(Captioned web image data)
————

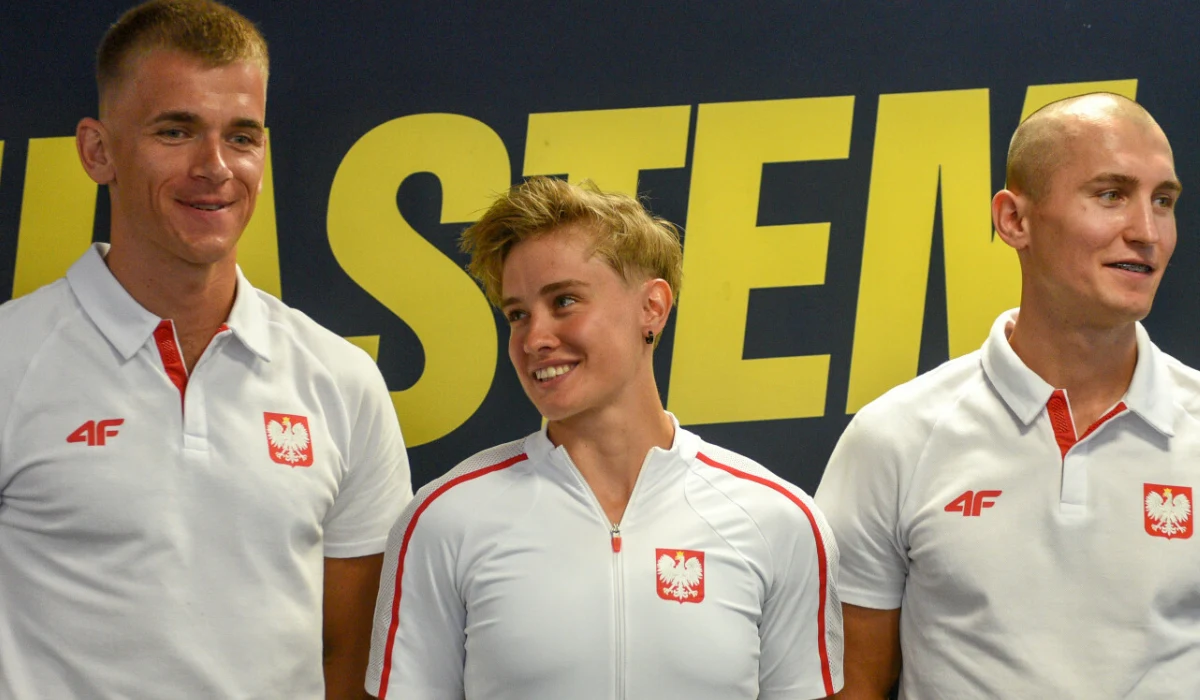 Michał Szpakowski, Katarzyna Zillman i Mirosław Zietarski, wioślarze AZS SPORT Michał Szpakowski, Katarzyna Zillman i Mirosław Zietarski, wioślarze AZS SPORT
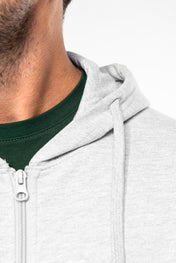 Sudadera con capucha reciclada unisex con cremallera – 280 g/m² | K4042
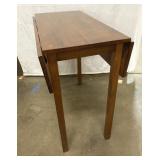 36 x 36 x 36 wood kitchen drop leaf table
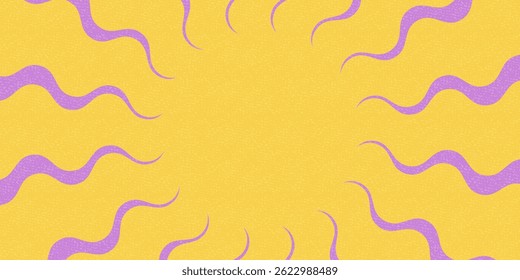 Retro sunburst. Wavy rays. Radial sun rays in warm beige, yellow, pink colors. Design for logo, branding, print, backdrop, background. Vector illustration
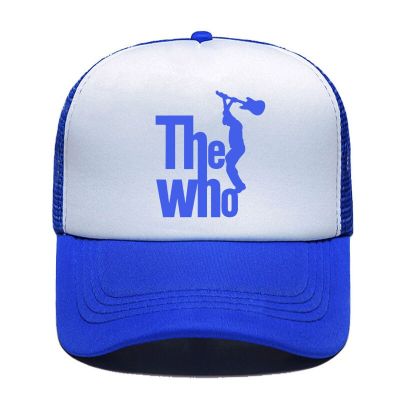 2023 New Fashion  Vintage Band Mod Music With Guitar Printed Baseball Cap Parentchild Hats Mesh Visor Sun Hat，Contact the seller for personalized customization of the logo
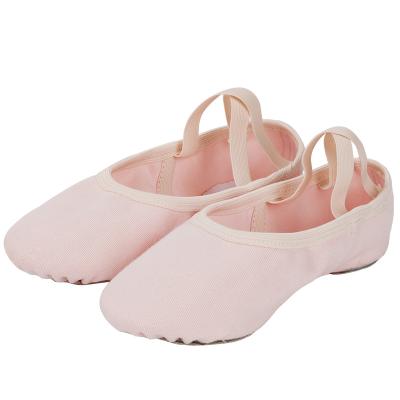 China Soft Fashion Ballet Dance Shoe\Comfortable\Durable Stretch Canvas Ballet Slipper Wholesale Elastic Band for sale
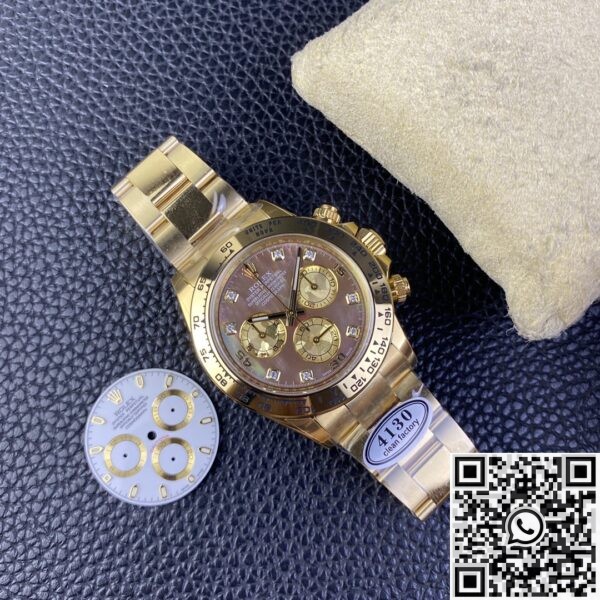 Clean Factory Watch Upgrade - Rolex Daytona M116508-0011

————

Once you find the line that contains "Sudadera con capucha", reproduce it and every line after it through the end of the entries above, exactly as written, with no pictures.

- [Response area]:
 Sudadera con capucha reciclada unisex con cremallera – 280 g/m² | K4042
 36 x 36 x 36 wood kitchen drop leaf table
 Retro sunburst. Wavy rays. Radial sun rays in warm beige, yellow, pink colors. Design for logo, branding, print, backdrop, background. Vector illustration
 2023 New Fashion  Vintage Band Mod Music With Guitar Printed Baseball Cap Parentchild Hats Mesh Visor Sun Hat，Contact the seller for personalized customization of the logo
 China Soft Fashion Ballet Dance Shoe\Comfortable\Durable Stretch Canvas Ballet Slipper Wholesale Elastic Band for sale
 Clean Factory Watch Upgrade - Rolex Daytona M116508-0011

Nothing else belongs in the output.